# How noisy are the flats in London?



## uluvbs (Jan 31, 2009)

As you may know, we in NYC (Manhattan) often have to deal with noisy neighbors (next door, above, down the hall) etc. You hear people fighting, watching TV, slamming doors...

Excluding outside noise in areas like Oxford Circus etc, can I ask if most flats in London are constructed so that you have a decent amount of noise insulation, or not really? (In other words, do you often hear stories of people complaining about noisy neighbors?)

(I am undecided as to where I will live right now and what I can afford (!), but definitely somewhere in central London.)

Thank you!


----------



## Suenneil (Feb 17, 2009)

uluvbs said:


> As you may know, we in NYC (Manhattan) often have to deal with noisy neighbors (next door, above, down the hall) etc. You hear people fighting, watching TV, slamming doors...
> 
> Excluding outside noise in areas like Oxford Circus etc, can I ask if most flats in London are constructed so that you have a decent amount of noise insulation, or not really? (In other words, do you often hear stories of people complaining about noisy neighbors?)
> 
> ...


Hiya - I no longer live in the UK, I live in Spain - and I live here in an apartment. I would think that it all depends on the construction standard! the same in any country - usually the more expensive or new the development, the better soundproofing will be - also area will be important - I dont want to sound rude to anyone, but there will be areas where the type of people living there will have no , or very little consideration for neighbours! so no matter how good the soundproofing they could be a pain in the butt!

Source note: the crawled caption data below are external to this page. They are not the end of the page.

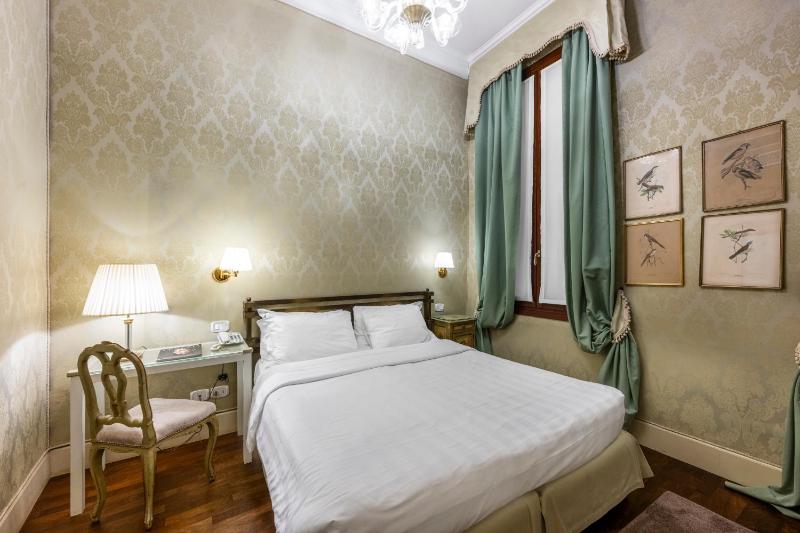 Standard Double or Twin Room image 4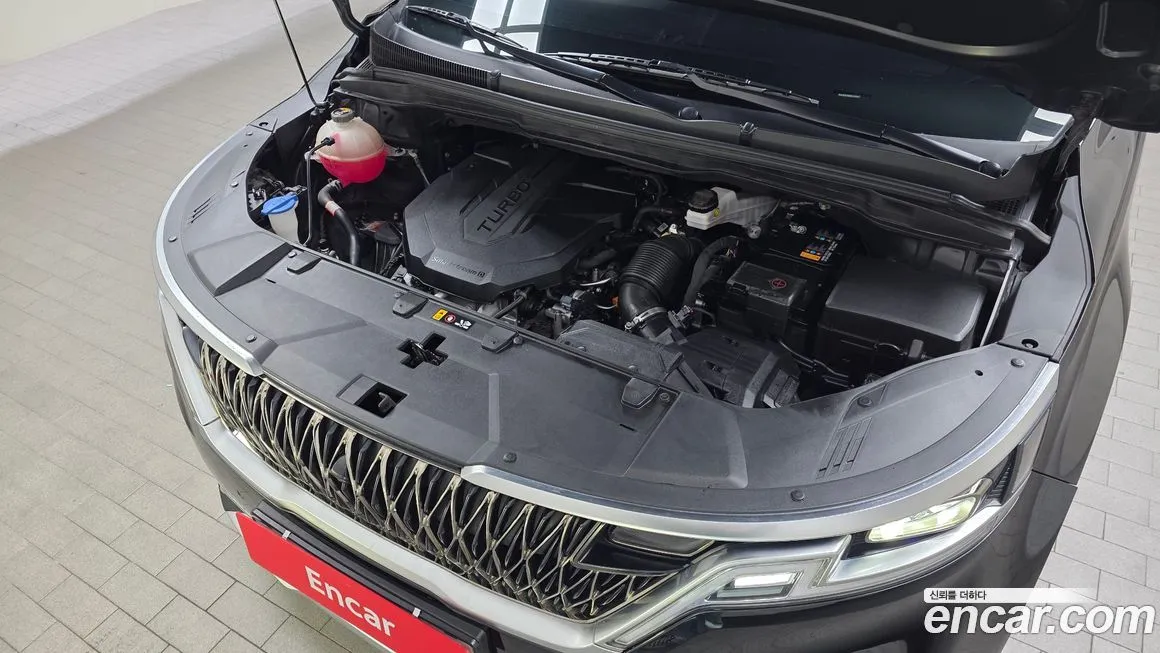 Kia Carnival — фото 10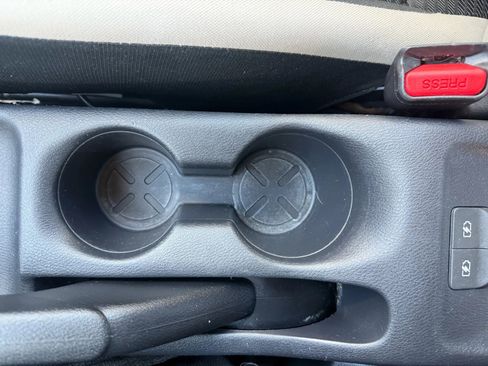 Used 2021 Nissan Versa SV image 21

Our latest apartment is pretty good - although we suffer in Spain as no one really has carpets or soft flooring so scraping chairs and clip clopping high heels on tiled floors can be heard most days ....

We visited this apartment more than once - daytime and evening to see if we could get a feel for the noise levels ... I would also do that in the UK too.


----------



## jlms (May 15, 2008)

I have lived in both an old construction and a very new one, in both cases the most important factors where to be in a quiet street with little or no traffic.

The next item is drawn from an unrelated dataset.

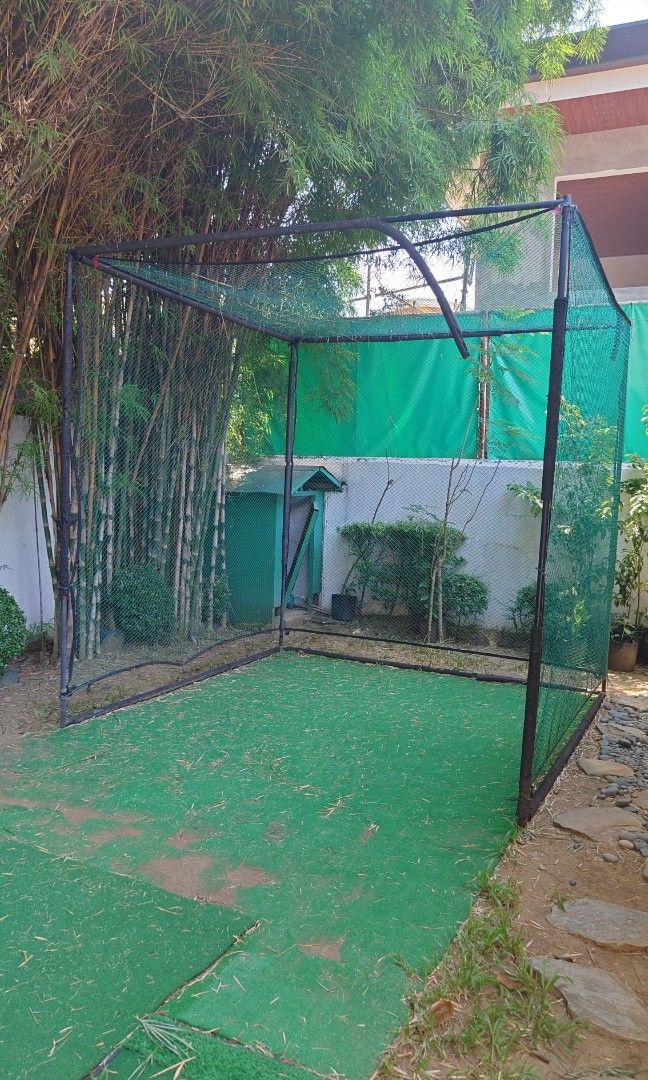 PGM Outdoor Golf Driving Cage Kit with accessories (Category: Golf) located in Makati City. Submitted by ppomidyar (Listing ID 1384463616, Image 3). Description: We used this during the time of our son being in junior golf. Great for weekend practice and warm-up before heading to a golf game. Suggest you check it out before buying. Brand new online will set you back at least Php50k..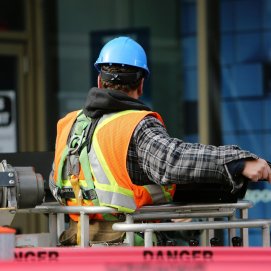 Trabajador de la construcción. Siniestralidad laboral.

Neighbours of mine in the same state or building complained bitterly about noise, but it was obvious from the start that if you buy/rent a flat overlooking a bus stop you are bound to have lots of noise, no matter how much insulation you use.

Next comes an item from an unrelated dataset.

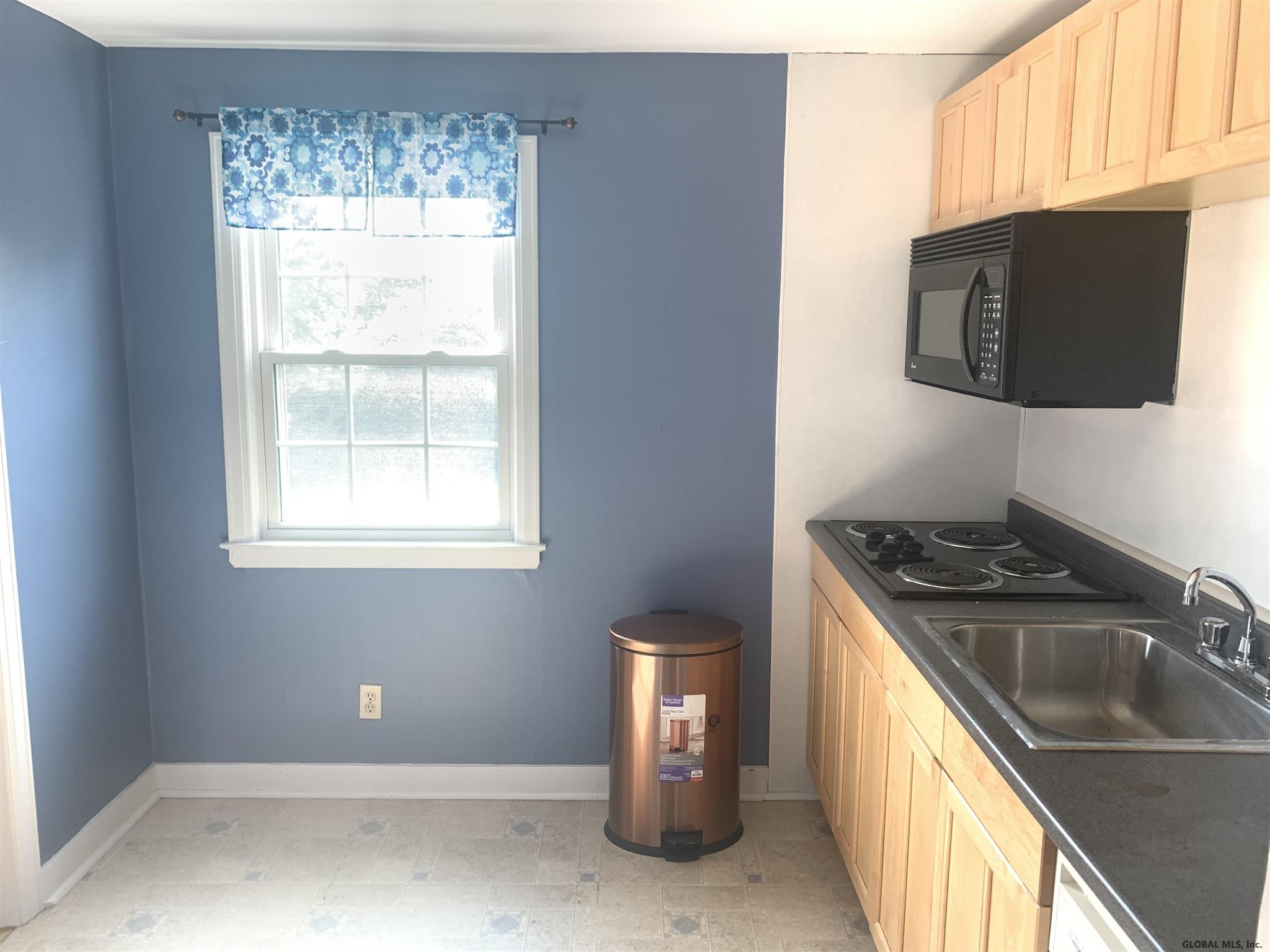 987 Loudon Road Colonie, NY 12047 - Photo 14 of 18 Photo 14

If you get a noisy neighbour then having effective management in your building is key. Ask to talk to the company or organization that is doing the state management to see if they get involved at all with dealing with noisy people, a good state should have rules regarding this that are actually enforced.

Failing that you can lunch complaints with the council, who will come to your place to measure the noise if enough of you complain about it often enough.

So my advice would be to look for a place in a quiet street, you can sort your neighbours later.


----------